On ose à peine revenir sur un sujet aussi rebattu que celui de la nécessité de la relation causale. Il le faut cependant, car c’est là peut-être que Hume à la fois a été le plus original et s’est le plu& gravement trompé. Personne n’a plus contribué à éclaircir la question ; personne n’a plus résolument nié la valeur de cette liaison nécessaire, qui est la forteresse inexpugnable où doit se réfugier toute métaphysique et qu’on appelait récemment « le type parfait, mais unique de la nécessité primordiale[1] ».

Admettre une relation intuitive ou démontrée entre les idées de la géométrie, cela, après tout, ne pouvait répugner à Hume : car cette relation tout idéale n’engageait pas les questions d’existence. Mais il en était autrement de la relation de cause à effet : car la nécessité rationnelle de la cause une fois admise, il n’est plus possible à l’esprit de se renfermer en lui-même ; il lui faut passer de la région des idées à la région des existences, et par delà le monde des conceptions subjectives liées par l’expérience et par l’habitude, reconnaître l’existence des causes qu’on n’observe pas, qu’on n’expérimente pas, mais qu’on affirme comme nécessaires. De là l’effort de Hume pour réduire la relation causale à une simple succession de deux événements, succession qui par son renouvellement fréquent détermine l’esprit à passer de l’idée de l’un à l’idée de l’autre.

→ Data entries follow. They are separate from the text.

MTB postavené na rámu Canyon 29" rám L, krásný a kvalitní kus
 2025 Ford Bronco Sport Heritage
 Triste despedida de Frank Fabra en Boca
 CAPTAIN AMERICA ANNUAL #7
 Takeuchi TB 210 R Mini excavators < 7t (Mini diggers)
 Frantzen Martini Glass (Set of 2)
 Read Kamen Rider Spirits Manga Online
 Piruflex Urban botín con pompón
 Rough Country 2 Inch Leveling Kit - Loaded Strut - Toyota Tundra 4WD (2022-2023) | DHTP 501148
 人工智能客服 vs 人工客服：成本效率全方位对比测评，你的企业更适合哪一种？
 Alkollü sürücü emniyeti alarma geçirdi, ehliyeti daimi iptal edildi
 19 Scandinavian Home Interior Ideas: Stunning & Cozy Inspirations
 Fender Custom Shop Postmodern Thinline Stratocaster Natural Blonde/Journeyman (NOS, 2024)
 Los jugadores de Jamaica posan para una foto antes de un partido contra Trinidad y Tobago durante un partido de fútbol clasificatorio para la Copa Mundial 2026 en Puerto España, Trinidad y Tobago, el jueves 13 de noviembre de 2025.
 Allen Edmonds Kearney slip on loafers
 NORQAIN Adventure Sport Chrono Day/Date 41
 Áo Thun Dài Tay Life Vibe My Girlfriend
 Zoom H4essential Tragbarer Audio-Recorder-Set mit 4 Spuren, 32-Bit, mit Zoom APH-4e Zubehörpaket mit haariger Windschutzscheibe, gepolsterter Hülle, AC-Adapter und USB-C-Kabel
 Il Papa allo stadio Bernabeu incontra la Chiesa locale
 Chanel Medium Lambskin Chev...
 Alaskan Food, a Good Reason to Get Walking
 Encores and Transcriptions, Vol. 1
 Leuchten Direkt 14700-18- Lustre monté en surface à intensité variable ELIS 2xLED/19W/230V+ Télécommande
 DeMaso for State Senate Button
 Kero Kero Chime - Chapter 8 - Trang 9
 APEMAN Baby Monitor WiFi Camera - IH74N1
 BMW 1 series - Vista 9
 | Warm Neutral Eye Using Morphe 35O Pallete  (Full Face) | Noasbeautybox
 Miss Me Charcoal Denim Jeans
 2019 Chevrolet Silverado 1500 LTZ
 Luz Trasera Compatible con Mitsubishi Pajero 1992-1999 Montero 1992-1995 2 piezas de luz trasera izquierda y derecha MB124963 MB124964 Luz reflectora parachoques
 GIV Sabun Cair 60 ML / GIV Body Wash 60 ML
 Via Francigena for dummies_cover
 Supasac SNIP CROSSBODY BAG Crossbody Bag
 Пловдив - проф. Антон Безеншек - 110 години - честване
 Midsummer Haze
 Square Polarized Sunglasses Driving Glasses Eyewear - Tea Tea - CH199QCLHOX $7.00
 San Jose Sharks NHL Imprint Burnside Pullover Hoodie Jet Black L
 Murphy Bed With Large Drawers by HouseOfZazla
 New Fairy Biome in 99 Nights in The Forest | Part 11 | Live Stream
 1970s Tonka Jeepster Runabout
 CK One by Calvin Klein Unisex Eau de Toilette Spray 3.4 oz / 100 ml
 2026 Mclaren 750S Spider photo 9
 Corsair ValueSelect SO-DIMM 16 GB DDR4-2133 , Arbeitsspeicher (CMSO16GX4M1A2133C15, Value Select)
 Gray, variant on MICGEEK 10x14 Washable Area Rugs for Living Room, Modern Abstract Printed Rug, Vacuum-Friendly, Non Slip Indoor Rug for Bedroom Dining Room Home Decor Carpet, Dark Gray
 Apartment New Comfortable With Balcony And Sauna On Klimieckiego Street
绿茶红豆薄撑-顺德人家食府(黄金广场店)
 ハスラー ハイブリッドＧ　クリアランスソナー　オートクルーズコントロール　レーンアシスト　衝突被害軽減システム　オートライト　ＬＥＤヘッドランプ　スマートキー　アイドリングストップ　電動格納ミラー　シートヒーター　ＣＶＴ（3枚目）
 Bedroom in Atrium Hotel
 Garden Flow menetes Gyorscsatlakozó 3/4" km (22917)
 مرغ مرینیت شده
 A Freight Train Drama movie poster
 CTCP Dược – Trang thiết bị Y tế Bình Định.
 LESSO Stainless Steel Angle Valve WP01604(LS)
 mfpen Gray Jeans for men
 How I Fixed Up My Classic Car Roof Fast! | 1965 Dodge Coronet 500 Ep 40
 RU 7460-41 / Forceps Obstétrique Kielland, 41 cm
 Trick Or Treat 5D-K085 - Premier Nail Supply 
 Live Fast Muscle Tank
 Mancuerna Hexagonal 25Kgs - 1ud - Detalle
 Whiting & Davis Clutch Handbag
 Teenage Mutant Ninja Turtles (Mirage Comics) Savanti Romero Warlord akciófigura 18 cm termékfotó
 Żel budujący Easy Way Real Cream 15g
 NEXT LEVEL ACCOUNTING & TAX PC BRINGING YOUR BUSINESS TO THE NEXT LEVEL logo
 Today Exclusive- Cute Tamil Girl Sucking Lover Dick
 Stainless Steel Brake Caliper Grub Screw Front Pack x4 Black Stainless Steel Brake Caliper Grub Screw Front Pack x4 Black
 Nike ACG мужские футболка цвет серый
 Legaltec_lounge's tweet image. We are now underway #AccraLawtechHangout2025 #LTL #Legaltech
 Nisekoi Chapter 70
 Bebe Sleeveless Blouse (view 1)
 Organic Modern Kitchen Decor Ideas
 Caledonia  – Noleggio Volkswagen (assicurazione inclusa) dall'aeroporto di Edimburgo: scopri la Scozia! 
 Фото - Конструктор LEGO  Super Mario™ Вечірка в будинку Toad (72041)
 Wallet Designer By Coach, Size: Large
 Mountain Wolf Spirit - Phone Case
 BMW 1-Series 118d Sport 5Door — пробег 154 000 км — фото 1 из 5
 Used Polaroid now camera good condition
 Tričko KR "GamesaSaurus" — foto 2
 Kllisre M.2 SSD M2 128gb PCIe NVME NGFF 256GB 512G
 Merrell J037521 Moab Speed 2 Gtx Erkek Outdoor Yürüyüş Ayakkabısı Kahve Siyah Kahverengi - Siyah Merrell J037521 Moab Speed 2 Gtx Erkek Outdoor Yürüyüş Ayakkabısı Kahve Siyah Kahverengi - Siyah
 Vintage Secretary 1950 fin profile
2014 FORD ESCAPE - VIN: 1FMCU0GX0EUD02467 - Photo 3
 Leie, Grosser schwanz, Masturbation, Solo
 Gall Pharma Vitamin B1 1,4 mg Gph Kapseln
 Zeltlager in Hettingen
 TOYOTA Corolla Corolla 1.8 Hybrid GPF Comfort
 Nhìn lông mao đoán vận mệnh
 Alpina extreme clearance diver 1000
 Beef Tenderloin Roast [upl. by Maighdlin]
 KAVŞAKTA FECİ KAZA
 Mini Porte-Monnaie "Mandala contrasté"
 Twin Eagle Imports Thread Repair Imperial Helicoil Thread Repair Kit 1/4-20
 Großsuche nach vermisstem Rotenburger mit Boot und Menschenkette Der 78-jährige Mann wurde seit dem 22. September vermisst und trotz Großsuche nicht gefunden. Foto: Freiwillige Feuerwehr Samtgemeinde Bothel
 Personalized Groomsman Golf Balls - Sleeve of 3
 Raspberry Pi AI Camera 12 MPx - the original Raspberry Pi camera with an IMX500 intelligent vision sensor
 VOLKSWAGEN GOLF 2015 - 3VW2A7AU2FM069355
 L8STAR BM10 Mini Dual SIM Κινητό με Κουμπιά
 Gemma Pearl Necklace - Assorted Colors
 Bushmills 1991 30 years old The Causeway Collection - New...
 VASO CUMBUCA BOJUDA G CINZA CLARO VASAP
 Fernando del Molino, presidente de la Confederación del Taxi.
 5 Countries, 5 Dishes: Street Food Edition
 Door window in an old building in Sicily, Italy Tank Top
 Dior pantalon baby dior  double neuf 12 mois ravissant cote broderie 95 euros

La prétention de Hume est donc de prouver qu’il n’y a pas entre la cause et l’effet d’autre rapport qu’un lien d’imagination ou d’habitude établi par l’expérience. Pour en arriver là, il montre que nous ne pouvons jamais connaître a priori la nature d’une cause ou d’un effet. En cela, comment ne pas voir qu’il déplace la question ? Sans doute la raison ne peut devancer l’expérience dans la détermination de la cause, mais elle lui impose l’obligation de la chercher, de croire à son existence avant qu’elle l’ait trouvée, et, quand elle l’a

  1. M. E. Boutroux, De la contingence des lois de la nature, p. 14.